Polygon
- Icon of Polygon

Denominations
- Code: POL
- Previous names: MATIC

Development
- Original author(s): Jaynti Kanani, Sandeep Nailwal, Mihailo Bjelic, Anurag Arjun
- White paper: polygon.technology/papers/pol-whitepaper
- Code repository: github.com/maticnetwork/
- Development status: Active
- Developer: Polygon Labs
- Source model: Open source

Ledger
- Ledger start: June 1, 2020; 6 years ago
- Issuance schedule: Yearly emission rate of 1% after 10 years
- Block time: 2.3 seconds
- Block explorer: polygonscan.com/
- Circulating supply: 10,000,000,000

Website
- Website: polygon.technology/

= Polygon (blockchain) =

Blockchain and cryptocurrency

Polygon crypto logo

Polygon (formerly Matic Network) is a blockchain platform which aims to create a multi-chain blockchain system compatible with Ethereum. As with Ethereum, it uses a proof-of-stake consensus mechanism for processing transactions on-chain. Polygon's native token is POL, an ERC-20 token which allows for compatibility with other Ethereum cryptocurrencies. It is operated by Polygon Labs.

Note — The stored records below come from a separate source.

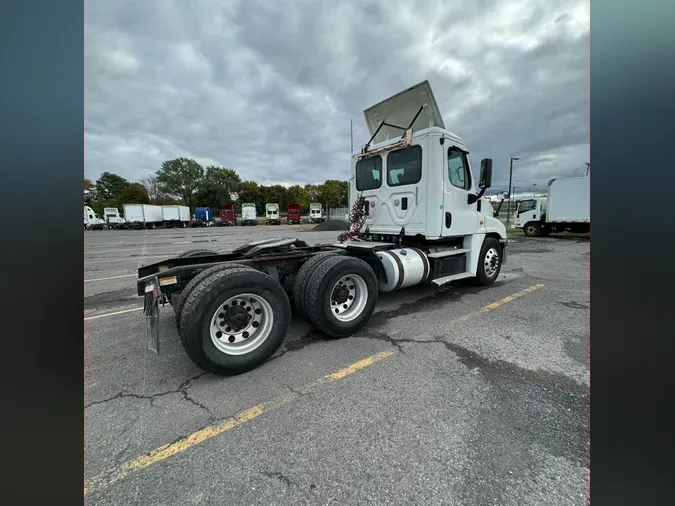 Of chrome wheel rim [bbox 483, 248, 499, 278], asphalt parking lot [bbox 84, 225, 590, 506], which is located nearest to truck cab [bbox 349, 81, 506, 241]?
chrome wheel rim [bbox 483, 248, 499, 278]

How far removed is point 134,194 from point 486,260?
2208 inches

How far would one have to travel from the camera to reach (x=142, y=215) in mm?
37094

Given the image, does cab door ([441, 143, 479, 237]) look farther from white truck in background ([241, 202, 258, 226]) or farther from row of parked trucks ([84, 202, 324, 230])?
white truck in background ([241, 202, 258, 226])

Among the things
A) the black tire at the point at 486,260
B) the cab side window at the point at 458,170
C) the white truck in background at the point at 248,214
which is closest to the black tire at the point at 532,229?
the black tire at the point at 486,260

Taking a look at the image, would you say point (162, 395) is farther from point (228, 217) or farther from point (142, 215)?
point (228, 217)

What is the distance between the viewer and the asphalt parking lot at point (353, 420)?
1833 millimetres

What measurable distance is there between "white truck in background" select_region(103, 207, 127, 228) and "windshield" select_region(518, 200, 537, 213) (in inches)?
1660

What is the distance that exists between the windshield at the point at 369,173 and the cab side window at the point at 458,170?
4.31ft

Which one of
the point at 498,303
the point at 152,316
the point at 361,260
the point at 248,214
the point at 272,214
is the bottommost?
the point at 498,303

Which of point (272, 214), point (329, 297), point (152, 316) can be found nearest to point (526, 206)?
point (329, 297)

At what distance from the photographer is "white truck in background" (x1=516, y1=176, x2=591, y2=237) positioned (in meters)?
17.6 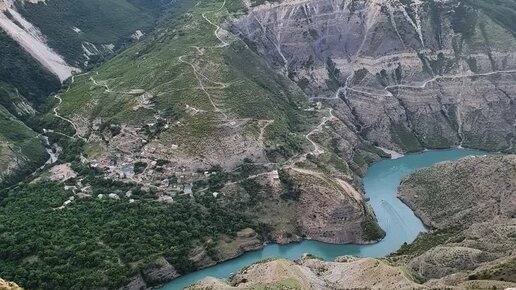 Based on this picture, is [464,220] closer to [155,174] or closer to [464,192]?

Polygon is a natively Layer-2 network that uses Ethereum as a base network. In particular, transactions are first validated inside Polygon and then periodically committed in a "checkpoint": a Merkle root of transaction hashes is committed to Ethereum's mainnet by using "Core contracts".

Polygon runs various decentralized applications (dApps) such as Defi, DAOs, and NFTs.

== History ==
The blockchain company Polygon was originally known as Matic Network. The Matic Network was launched in 2017 by four software engineers: Jaynti Kanani, Sandeep Nailwal, Anurag Arjun, and Mihailo Bjelic. In February 2021, the project was rebranded as Polygon Technology.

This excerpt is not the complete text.